If you fail, you don't grow your business, or even worse, you regress.
Remember, everyone who visits your website can potentially become your customer. When he sends you his email address, fills out a contact form, applies for a trial... he is already one step closer to a purchase. Track conversion rates at every step, try to understand why their journey continues or does not continue, and try to make this journey from the first contact to the purchase and then to the repeat purchase as easy and comfortable as possible.
Read more about sales or marketing funnels HERE.
Google analytics – Cohorts
Different customer groups behave completely differently.
Have you heard of The Pareto principle? In terms of sales, it would sound like this – 20% buyers generate 80% sales.
Those 20 percent are your customers who make repeat purchases - they buy once a month, maybe quarterly, once a year...
Do you know what separates these customers from those who buy something once and never return?
Why don't they come back?
In order for you to track trends, you need to divide customers into segments – groups with common characteristics, such as demographics or behavior.
Performance of marketing campaigns
Are your marketing campaigns bringing you profit? If not, you lose money.
Also if you test new ideas - you need to know if they are profitable or not.
Here are some metrics that can help you figure it out:
- Return on Ad Spend (ROAS) – revenue generated compared to the amount spent on advertising;
- Return on Investment (ROI) – net income (money earned) in relation to invested (money spent);
- Buyer lifetime return on ad spend (Lifetime ROAS) – obtained by multiplying the number of new customers by the total LTV and dividing the result by advertising spend.
Or quite simply - subtract the costs of marketing and sold goods/services from the total revenue of the campaign. If the final result is negative - you have a problem.
How to choose site performance metrics?
Most people log into Google Analytics and start tracking metrics like the number of page visitors, number of pages visited during a session, time spent on site, bounce rate, etc.
They choose the reports available in the basic configuration of Google analytic, which are easily accessible, but in reality do not really give you anything.
For example – the already mentioned number of pages visited during the session. If it increases, you may think that everything is fine, because if people visit several pages during one session, then the website seems interesting to them, the content is appropriate and you are on the right track.
But maybe your website structure is just too complicated? Visitors click on the nth page, do not find what they are looking for, leave unsatisfied and never return to your page?
Or is everything fine in this case?
When choosing site performance metrics, start with your business.

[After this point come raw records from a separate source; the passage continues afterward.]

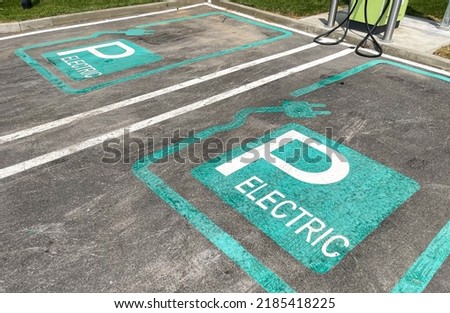 The logo sign of an electrical vehicle parking spot inside a shopping center. Eco electric cars industry.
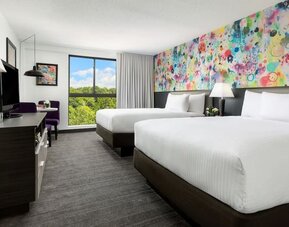 Double queen guest room with vibrant artistic décor and natural light at Hotel Studio Allston.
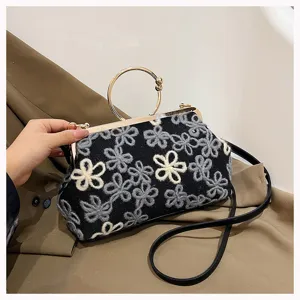 Close-up of vintage velvet evening bag with floral embroidery and gold metal handle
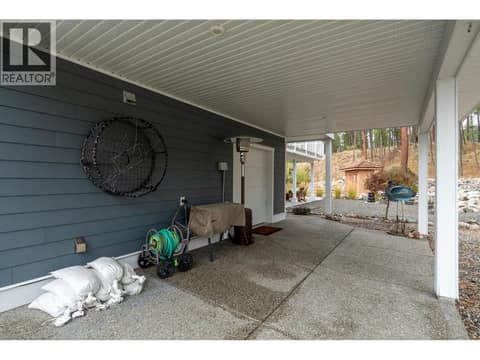 Covered back patio at 6976 Terazona Drive, Fintry, Kelowna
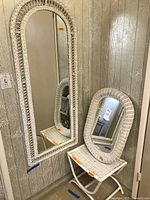 Tall white wicker framed rectangular mirror set on floor leaning against wall with smaller oval mirror and stool in the foreground.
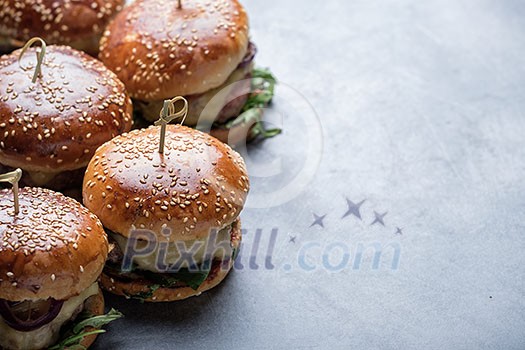 Homemade juicy burgers with beef, cheese and caramelized onions. Street food, fast food. Copyspace Homemade juicy burgers with beef, cheese and caramelized onions. Street food, fast food. Copyspace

Don't even look at Google Analytics or any other tool, but first define the performance indicators of your business (not your website) (KPIs).
Choose metrics that show how healthy your business is, such as revenue, number of potential buyers, logging into an account and total lifetime value of customers.
Then choose analysis tools that can make these measurements as accurately as possible. If the data needs to be exported and further processed in Excel or Google Sheets for optimal results, do it.
Once you have defined how you will assess the health of your business, you can focus on indicators such as:
- A/B test results;
- Cohort reviews;
- Sales funnels…
If your business is web publishing or placing advertisements on your website, such indicators/metrics as the number of page visitors, the number of pages visited during a session, etc., are of course important to you, because they determine your income.
In other cases, look for other metrics to measure performance.
There are only 24 hours in a day, so every minute counts - don't waste your time tracking indicators that don't help you.
Focus on metrics that help you make decisions that help you understand customer behavior.
If you succeed, you will be able to develop your business much faster.